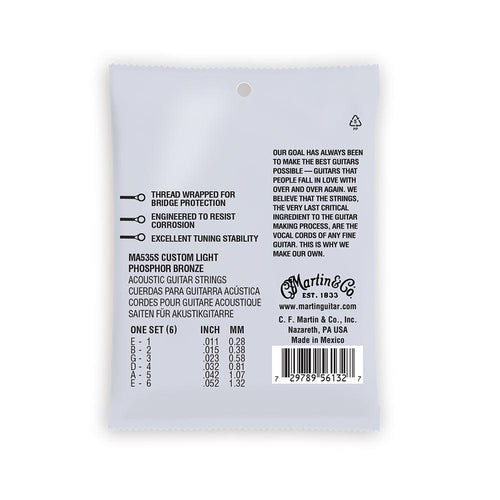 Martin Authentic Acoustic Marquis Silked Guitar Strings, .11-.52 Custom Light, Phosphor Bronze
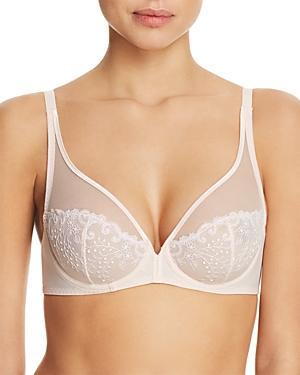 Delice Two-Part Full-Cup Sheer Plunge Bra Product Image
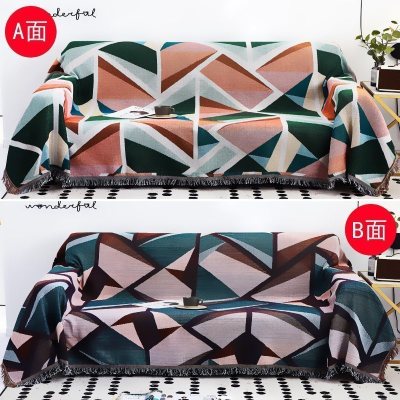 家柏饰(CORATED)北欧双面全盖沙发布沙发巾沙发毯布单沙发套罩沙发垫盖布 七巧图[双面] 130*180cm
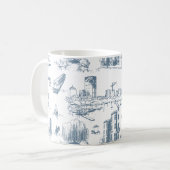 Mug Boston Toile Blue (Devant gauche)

...

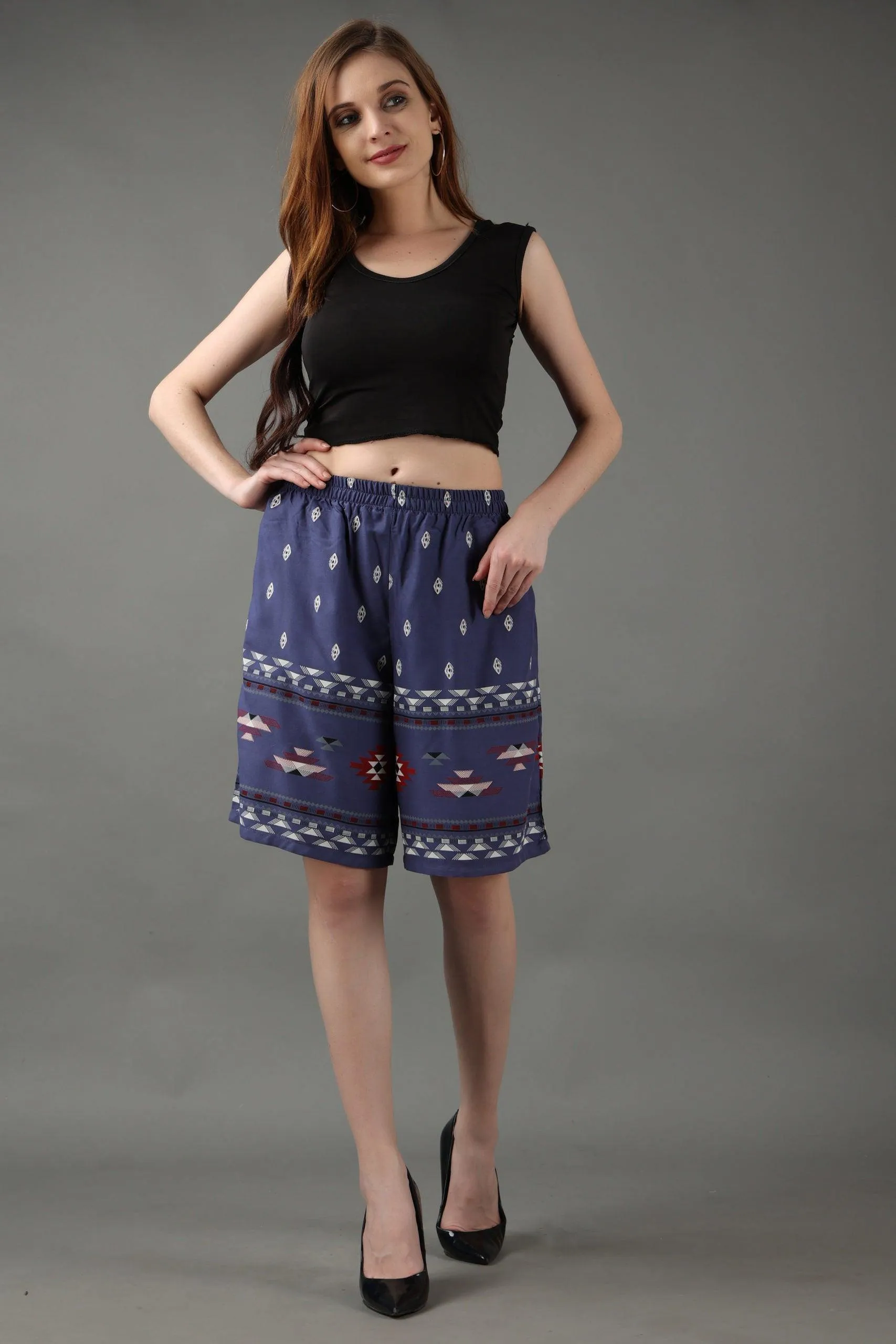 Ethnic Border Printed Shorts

---

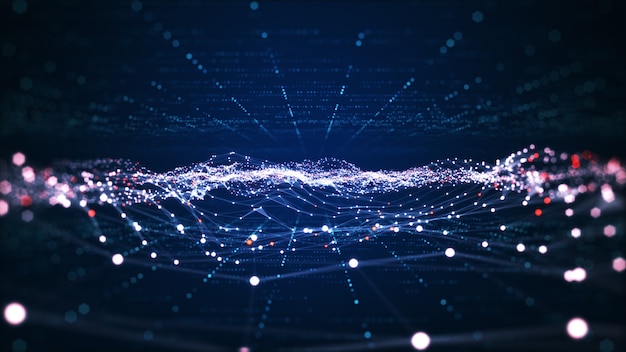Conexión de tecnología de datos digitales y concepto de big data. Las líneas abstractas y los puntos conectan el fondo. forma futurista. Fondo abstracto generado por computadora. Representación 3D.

• **WHAT YOU ARE ASKED TO DO**: Set down again, word for word, every line from the one with "Martin Authentic Acoustic" to the one with "Mug Boston Toile Blue (Devant gauche)" in the entries above, and omit the pictures.

• **RESULT OF THIS TASK**:
 Martin Authentic Acoustic Marquis Silked Guitar Strings, .11-.52 Custom Light, Phosphor Bronze
 Delice Two-Part Full-Cup Sheer Plunge Bra Product Image
 家柏饰(CORATED)北欧双面全盖沙发布沙发巾沙发毯布单沙发套罩沙发垫盖布 七巧图[双面] 130*180cm
 Mug Boston Toile Blue (Devant gauche)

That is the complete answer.